Porque tuvieron que hacerle un perímetro de seguridad similar al de una cumbre de la OTAN o al de la zona de catering del Congreso cuando se arrima la delegación de Podemos, ya muy alejada como Sánchez de la famélica legión y muy dispuesta a aprovecharse, para lo que les queda, de los privilegios efímeros del poder.
Si la primera parte de la película sanchista es rodearle de falsos ciudadanos para simular un liderazgo social ficticio; la segunda es utilizar a otro grupo de extras distinto para recrear la atmósfera opuesta a sus rivales.
Donde a él le pintan como a James Stewart en Qué bello es vivir, aunque sea el Cortadedos de Mad Max; a la Ayuso de turno le fabrican escraches con tontos útiles que aspiran a ser Ione Belarra de mayores y se ven, aquí con alguna razón, con los mismos méritos que ella para lograrlo.
Pero lo cierto es que Sánchez no puede darse un paseo y Ayuso puede entrar a cualquier bar, en una metáfora espléndida de los dos mundos paralelos que conviven en el mismo tiempo y el mismo espacio en España.
En uno, Sánchez pelea contra un franquismo inexistente, fabrica enemigos falsos para tapar su coyunda con Otegi; falsea sondeos, estadísticas y cifras para simular un bienestar de pega; hipoteca a tres generaciones para intentar comprar el voto de media España y se paga selfies internacionales para parecer un líder capaz de arreglar el mundo aunque no sepa ni dónde queda su pueblo.
Pero luego solo puede jugar a la petanca con jubilados del PSOE, al mediodía, cuando todo el mundo está comiendo, en un parque de extrarradio acordonado por la Policía.
En el otro, el de verdad, la terrible oposición se abstuvo en la votación del tercer decreto anticrisis para no perjudicar a los escasos ciudadanos beneficiados por la enésima pedrea sanchista y le ha ofrecido al Gobierno diez pactos de Estado, todos rechazados.

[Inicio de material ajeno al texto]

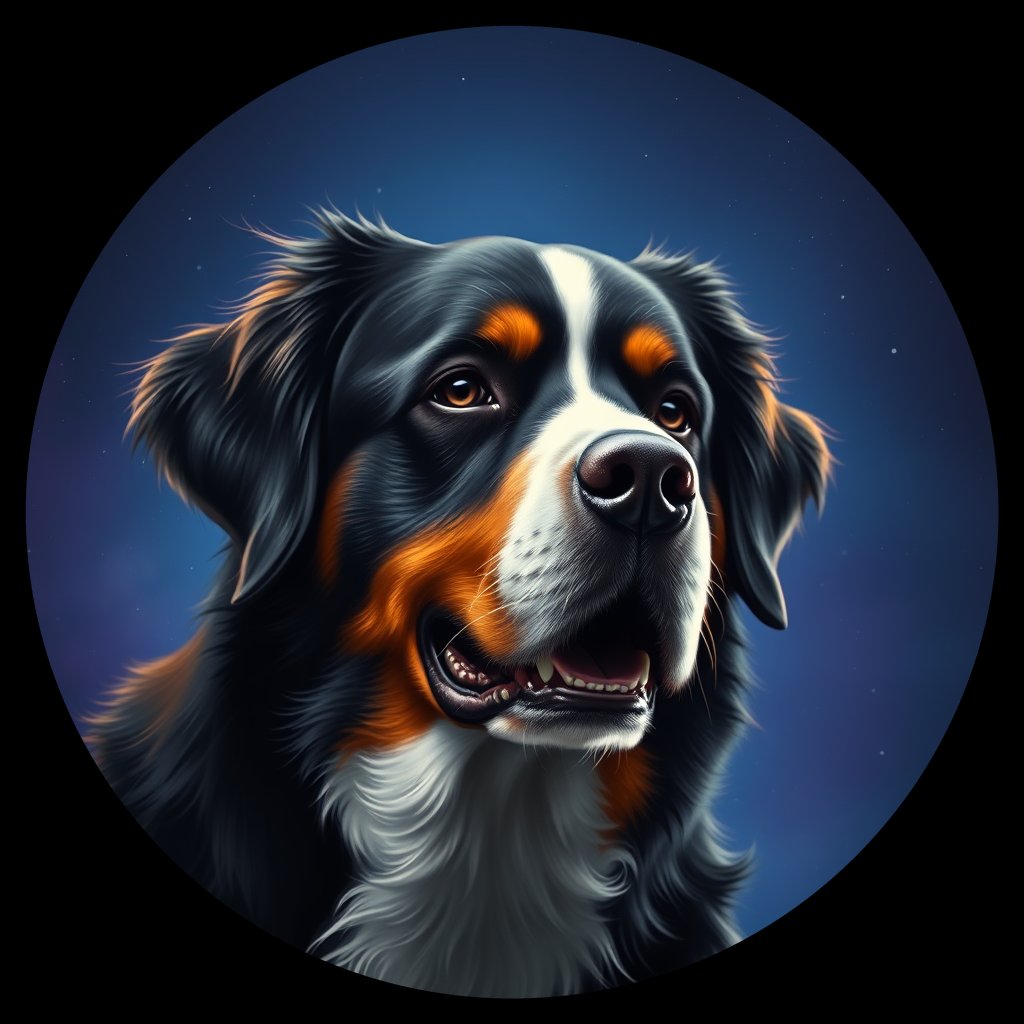 Cosmic medallion portrait of Bernese_Mountain_Dog_3541, a Bernese Mountain Dog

Los empresarios aguantan estoicos ataques abyectos como el sufrido por Juan Roig. La ciudadanía soporta sin rechistar uno de los mayores esfuerzos fiscales del mundo, una cesta de la compra por las nubes, unas hipotecas tremebundas y un asalto sistemático a la democracia perpetrado desde dentro del Estado.
A Ayuso la han atacado en el mismo tipo de Universidad que no rechistó cuando a Pablo Iglesias le nombraron profesor honorífico; a Monedero le dejaron saltarse la exclusividad para facturarle a Venezuela: a Errejón le regalaron una beca para que pudiera montar Más Paguitas, el nombre oficioso de su partido. Y a Begoña Gómez, por cierto, una pseudocátedra.
Pero la verdad ha dejado de tener valor y el gran peligro es que, acostumbrados ya al engaño, podamos empezar a creer que efectivamente Pedro Sánchez nos cuida y Franco nos acecha. Con estos universitarios en ciernes, nada es ya imposible.